▸ WHAT TO DO: Repeat each record below exactly as given.

[TASK DATA Boundary: Start]

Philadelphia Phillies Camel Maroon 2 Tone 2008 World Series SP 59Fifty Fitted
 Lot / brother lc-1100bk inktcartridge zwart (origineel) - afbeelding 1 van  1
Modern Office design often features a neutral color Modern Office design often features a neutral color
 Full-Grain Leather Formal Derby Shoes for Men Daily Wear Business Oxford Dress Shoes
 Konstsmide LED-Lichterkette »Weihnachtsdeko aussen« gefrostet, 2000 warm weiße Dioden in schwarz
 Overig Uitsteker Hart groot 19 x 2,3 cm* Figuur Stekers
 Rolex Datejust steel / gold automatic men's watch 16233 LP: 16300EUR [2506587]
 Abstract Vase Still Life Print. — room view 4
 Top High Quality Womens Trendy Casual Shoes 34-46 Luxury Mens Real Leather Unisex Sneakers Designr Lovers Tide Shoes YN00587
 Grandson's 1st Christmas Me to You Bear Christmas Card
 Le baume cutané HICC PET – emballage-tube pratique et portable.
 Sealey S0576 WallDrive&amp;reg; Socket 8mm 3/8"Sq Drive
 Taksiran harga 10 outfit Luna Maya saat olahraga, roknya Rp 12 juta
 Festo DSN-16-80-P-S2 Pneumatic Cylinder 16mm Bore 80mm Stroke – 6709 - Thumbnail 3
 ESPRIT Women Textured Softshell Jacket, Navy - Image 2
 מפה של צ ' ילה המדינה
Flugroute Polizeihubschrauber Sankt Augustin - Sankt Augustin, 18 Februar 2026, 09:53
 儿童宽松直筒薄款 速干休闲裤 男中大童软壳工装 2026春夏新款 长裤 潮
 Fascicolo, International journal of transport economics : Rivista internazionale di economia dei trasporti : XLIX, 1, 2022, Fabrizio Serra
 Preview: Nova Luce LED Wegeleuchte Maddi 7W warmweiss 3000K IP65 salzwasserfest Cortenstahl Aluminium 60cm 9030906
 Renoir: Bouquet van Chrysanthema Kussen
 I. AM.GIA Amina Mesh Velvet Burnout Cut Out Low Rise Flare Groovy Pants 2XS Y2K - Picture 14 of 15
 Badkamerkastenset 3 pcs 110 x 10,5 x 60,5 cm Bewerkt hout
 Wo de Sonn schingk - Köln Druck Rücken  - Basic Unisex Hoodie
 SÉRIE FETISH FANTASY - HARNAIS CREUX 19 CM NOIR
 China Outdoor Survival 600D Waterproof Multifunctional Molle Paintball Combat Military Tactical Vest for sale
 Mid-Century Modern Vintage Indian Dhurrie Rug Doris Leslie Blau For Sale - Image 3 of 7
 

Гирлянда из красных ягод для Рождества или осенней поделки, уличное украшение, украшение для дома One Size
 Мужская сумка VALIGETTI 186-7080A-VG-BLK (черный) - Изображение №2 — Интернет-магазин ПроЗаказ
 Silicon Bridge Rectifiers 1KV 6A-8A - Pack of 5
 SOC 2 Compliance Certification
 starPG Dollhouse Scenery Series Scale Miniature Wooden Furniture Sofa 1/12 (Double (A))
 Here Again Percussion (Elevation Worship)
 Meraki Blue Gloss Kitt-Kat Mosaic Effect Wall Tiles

[TASK DATA Boundary: End]

▸ RESULT:
Philadelphia Phillies Camel Maroon 2 Tone 2008 World Series SP 59Fifty Fitted
 Lot / brother lc-1100bk inktcartridge zwart (origineel) - afbeelding 1 van  1
Modern Office design often features a neutral color Modern Office design often features a neutral color
 Full-Grain Leather Formal Derby Shoes for Men Daily Wear Business Oxford Dress Shoes
 Konstsmide LED-Lichterkette »Weihnachtsdeko aussen« gefrostet, 2000 warm weiße Dioden in schwarz
 Overig Uitsteker Hart groot 19 x 2,3 cm* Figuur Stekers
 Rolex Datejust steel / gold automatic men's watch 16233 LP: 16300EUR [2506587]
 Abstract Vase Still Life Print. — room view 4
 Top High Quality Womens Trendy Casual Shoes 34-46 Luxury Mens Real Leather Unisex Sneakers Designr Lovers Tide Shoes YN00587
 Grandson's 1st Christmas Me to You Bear Christmas Card
 Le baume cutané HICC PET – emballage-tube pratique et portable.
 Sealey S0576 WallDrive&amp;reg; Socket 8mm 3/8"Sq Drive
 Taksiran harga 10 outfit Luna Maya saat olahraga, roknya Rp 12 juta
 Festo DSN-16-80-P-S2 Pneumatic Cylinder 16mm Bore 80mm Stroke – 6709 - Thumbnail 3
 ESPRIT Women Textured Softshell Jacket, Navy - Image 2
 מפה של צ ' ילה המדינה
Flugroute Polizeihubschrauber Sankt Augustin - Sankt Augustin, 18 Februar 2026, 09:53
 儿童宽松直筒薄款 速干休闲裤 男中大童软壳工装 2026春夏新款 长裤 潮
 Fascicolo, International journal of transport economics : Rivista internazionale di economia dei trasporti : XLIX, 1, 2022, Fabrizio Serra
 Preview: Nova Luce LED Wegeleuchte Maddi 7W warmweiss 3000K IP65 salzwasserfest Cortenstahl Aluminium 60cm 9030906
 Renoir: Bouquet van Chrysanthema Kussen
 I. AM.GIA Amina Mesh Velvet Burnout Cut Out Low Rise Flare Groovy Pants 2XS Y2K - Picture 14 of 15
 Badkamerkastenset 3 pcs 110 x 10,5 x 60,5 cm Bewerkt hout
 Wo de Sonn schingk - Köln Druck Rücken  - Basic Unisex Hoodie
 SÉRIE FETISH FANTASY - HARNAIS CREUX 19 CM NOIR
 China Outdoor Survival 600D Waterproof Multifunctional Molle Paintball Combat Military Tactical Vest for sale
 Mid-Century Modern Vintage Indian Dhurrie Rug Doris Leslie Blau For Sale - Image 3 of 7
 

Гирлянда из красных ягод для Рождества или осенней поделки, уличное украшение, украшение для дома One Size
 Мужская сумка VALIGETTI 186-7080A-VG-BLK (черный) - Изображение №2 — Интернет-магазин ПроЗаказ
 Silicon Bridge Rectifiers 1KV 6A-8A - Pack of 5
 SOC 2 Compliance Certification
 starPG Dollhouse Scenery Series Scale Miniature Wooden Furniture Sofa 1/12 (Double (A))
 Here Again Percussion (Elevation Worship)
 Meraki Blue Gloss Kitt-Kat Mosaic Effect Wall Tiles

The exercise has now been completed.